Exercise description:
Pictures do not belong in the copy; quote every entry below exactly.

Stored entries:
· · ·

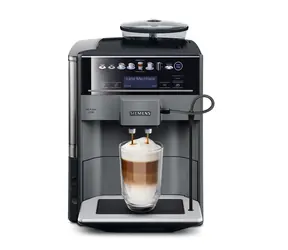 Siemens TE651209RW šedo-čierna / automatický kávovar / 1500 W / 1.7 l / 15 bar / zrnková aj mletá káva / dotykové ovl.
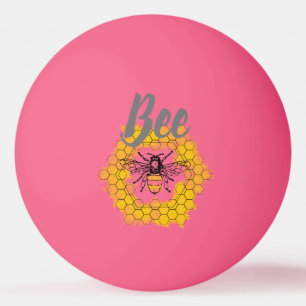 Honey bee Bumblebee trendy summer and spring Ping Pong Ball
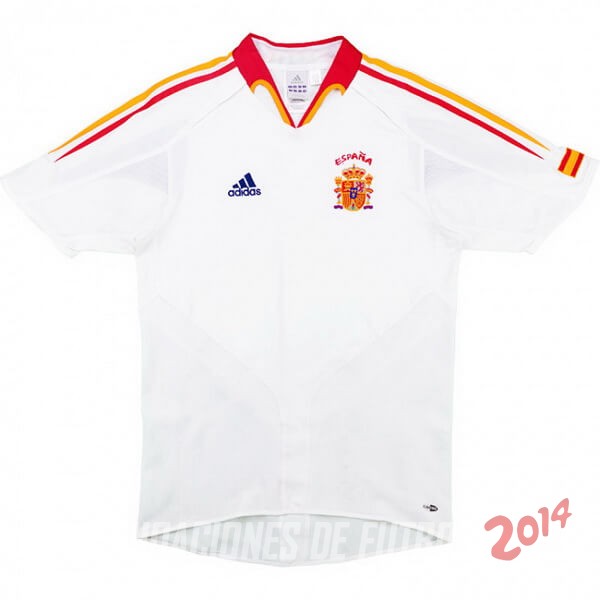 Retro Camiseta De España de la Seleccion Segunda 2004/2006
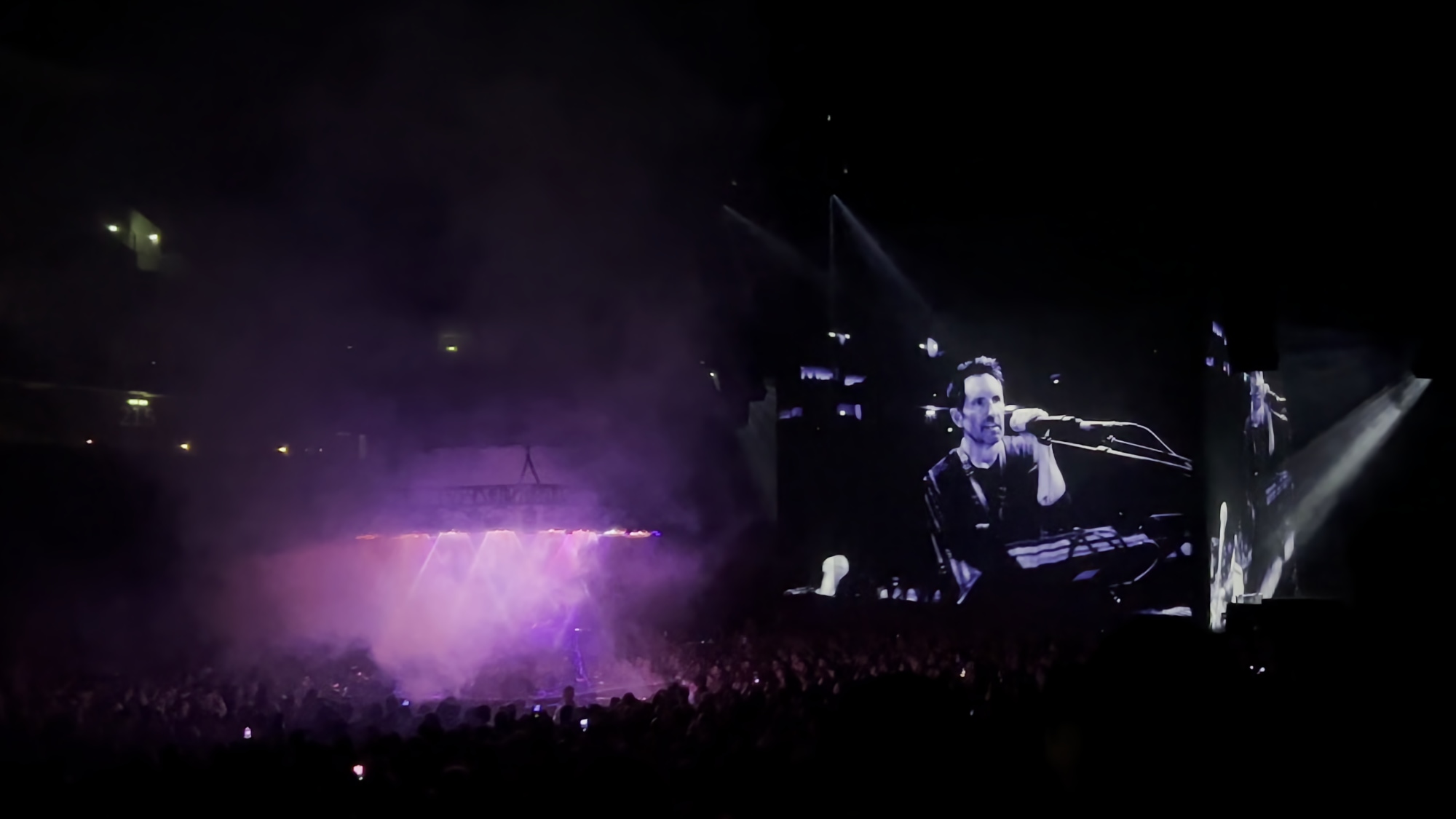 A photo taken at the Nine Inch Nails concert on 2025-07-01 in the Uber Arena in Berlin.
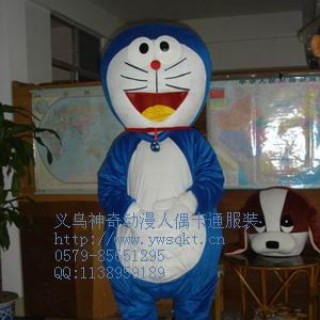 供应台湾卡通服装道具 机器猫 卡通人偶服装 卡通表演服装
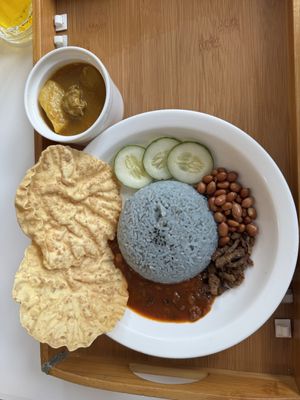 Nasi lemak  at Minf Houze Vegan Cafe in Kuala Lumpur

· · ·

Exercise solution:
 Siemens TE651209RW šedo-čierna / automatický kávovar / 1500 W / 1.7 l / 15 bar / zrnková aj mletá káva / dotykové ovl.
 Honey bee Bumblebee trendy summer and spring Ping Pong Ball
 Retro Camiseta De España de la Seleccion Segunda 2004/2006
 A photo taken at the Nine Inch Nails concert on 2025-07-01 in the Uber Arena in Berlin.
 供应台湾卡通服装道具 机器猫 卡通人偶服装 卡通表演服装
 Nasi lemak  at Minf Houze Vegan Cafe in Kuala Lumpur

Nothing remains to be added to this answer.